Positive Thinking will:
- provide a mental and emotional template for taking challenges on board and seeing the benefits inherent in them
- help young people to find ways to turn disappointments into opportunities
- offer a conceptual and metaphorical framework for framing a vision of personal growth and development
- facilitate the realisation that they have the potential to gain from many situations
- empower them to face positively all the challenges that life offers.
The structure of the book
This resource includes: 15 different units with questions that are designed to encourage the pupils to explore and think about the issues related to the learning aims and objectives, the units tackle the following issues:
Unit 1: Becoming a Mental Athlete
Unit 2: Rising to a Challenge
Unit 3: The Benefits of a Challenge
Unit 4: Developing Resilience
Unit 5: Developing Tools for Expressing Feelings and Experiences
Unit 6: Developing Inner Strength and Resourcefulness
Unit 7: The Challenge Posed by Change
Unit 8: Drawing on Goodness to Build Wellbeing
Unit 9: Thinking Independently
Unit 10: Celebrating Success and Achievement
Unit 11: Weakening Mental Muscle
Unit 12: An Exploration of Bullying
Unit 13: Managing Angry Feelings
Unit 14: Taking Responsibility
Unit 15: Being Part of a Team
Each unit contains an overview of the theme dealt with in the unit, a list of learning intentions.
Short stories
These can be used to guide discussion and as a tool to give an extra emotional dimension to the particular issue under discussion. The stories are normally accompanied by questions.
Mental Athletes Study
Another important component is the mental athletes study, in which people drawn from many areas of cultural and sporting life are highlighted in order to offer inspiration and act as a model for the qualities and features that constitute a good mental athlete.
Circle Time Practice
If the bulk of discussion is going to take place during Circle Time, the pupils should be encouraged to adhere to good Circle Time practice. The principle that everyone has an equal voice would be a sound principle upon which to constitute the circle.
Code of Conduct
This can be agreed by asking the pupils to either remind themselves, of or come up with, rules for good Circle Time cohesion.

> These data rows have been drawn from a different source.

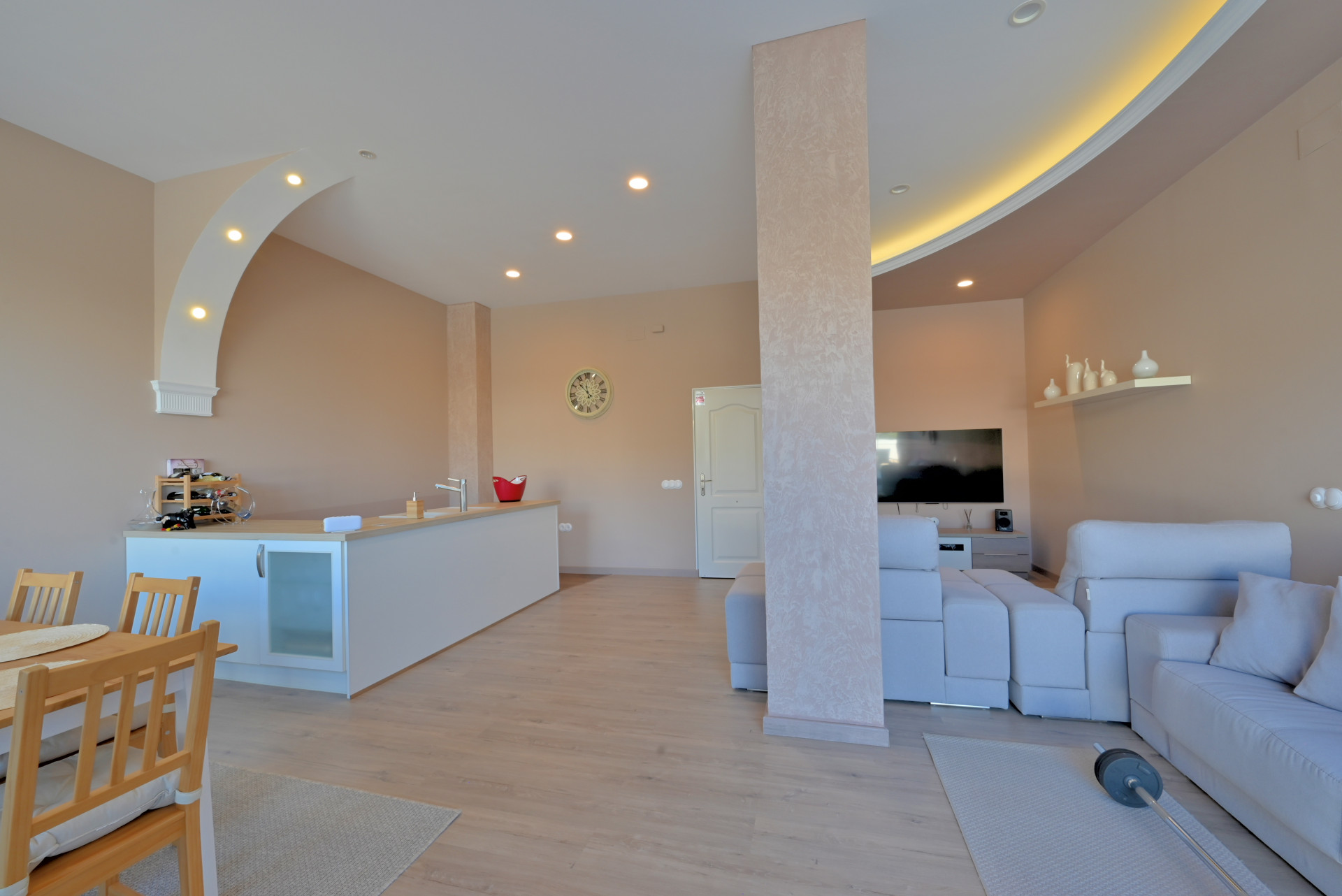 Spacious 4-Bed Town House with Pool in Calahonda, Malaga — Calahonda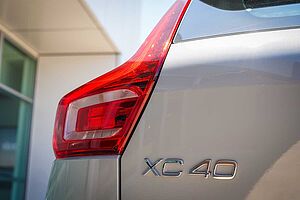 Volvo  XC40 Plus, B4 Mild hybrid, Petrol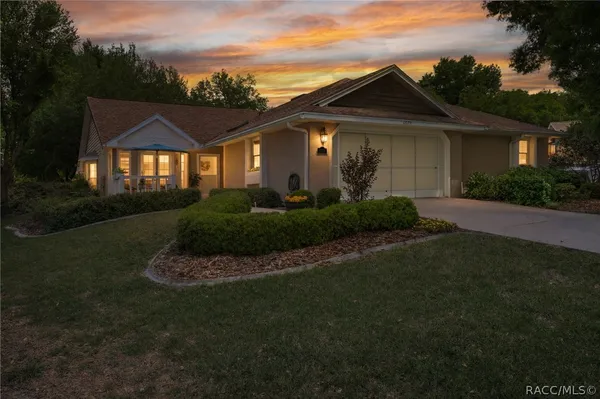 Property Slideshow image 2 of 52 | 6079 w fairhaven ct, Crystal River, FL, 34429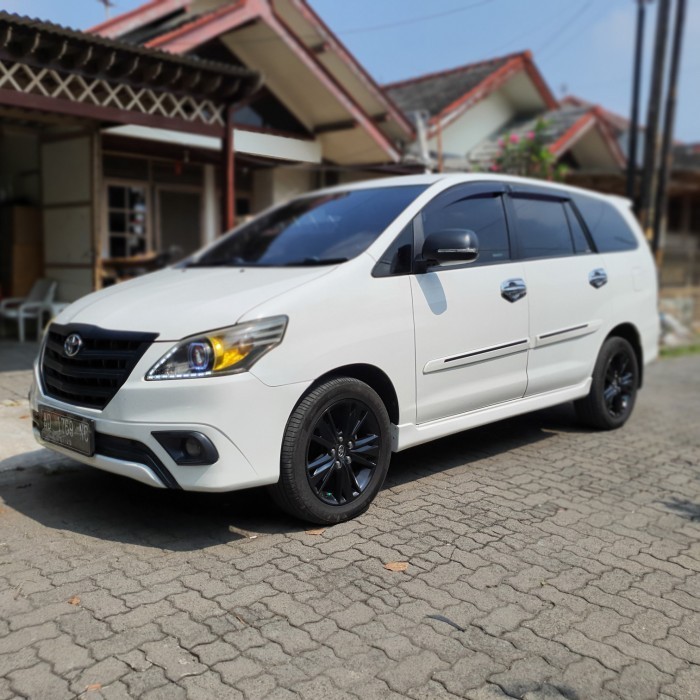 Sideskirt Innova Type V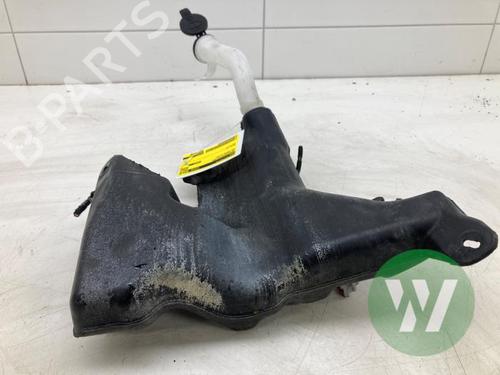 windscreen-washer-tank-opel-insignia-b-sports-tourer-z18-2017-32443827 main image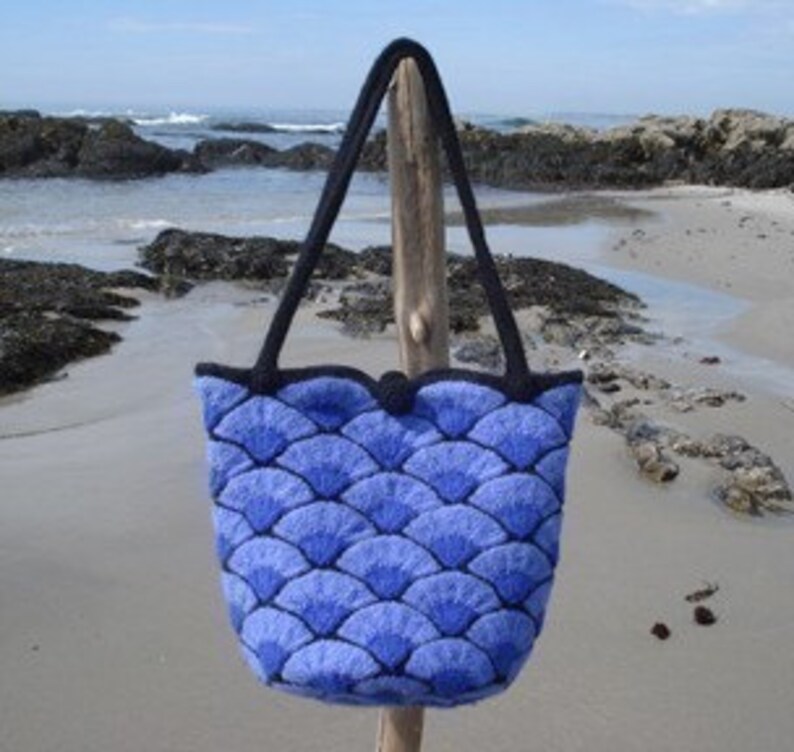 Bar Harbor Shell Bag knit image 2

For example, the list could include listening to others, only talking when they have an object in their hand, keeping issues confidential to the circle, not putting others down or laughing at or ridiculing their suggestions.
Games
Warm-up games can be played, such as Chinese Whispers, where the pupils are asked to send a story round the circle by whispering it in the ear of another. This, and other games of this nature, can provide a light-hearted means of encouraging the children to focus, as well as hone their listening skills.
Activity Pages
All of the units are followed up by activity pages that are designed to further individual learning about the topics investigated or those that are closely related.
Plenary
A plenary is added to consolidate, reinforce and offer a brief review of what has been learned. In most cases, at the end of the unit, mention will be given to how issues might be further explored and developed under the heading of Follow-up Activities.
Drama Activities
Links are offered to drama activities in order to give children a chance to practise thinking through some of the issues that they are learning about.
Mental Athletes Game
This is a progressive-style board game that is intended to further highlight all the principles that lead to the building of mental muscle and therefore greater emotional balance and wellbeing.
Interactive Whiteboards
Interactive whiteboards (IWBs) could be a useful and supportive tool, from the point of view of calling up images, finding additional resources and projecting the stories for whole-class access.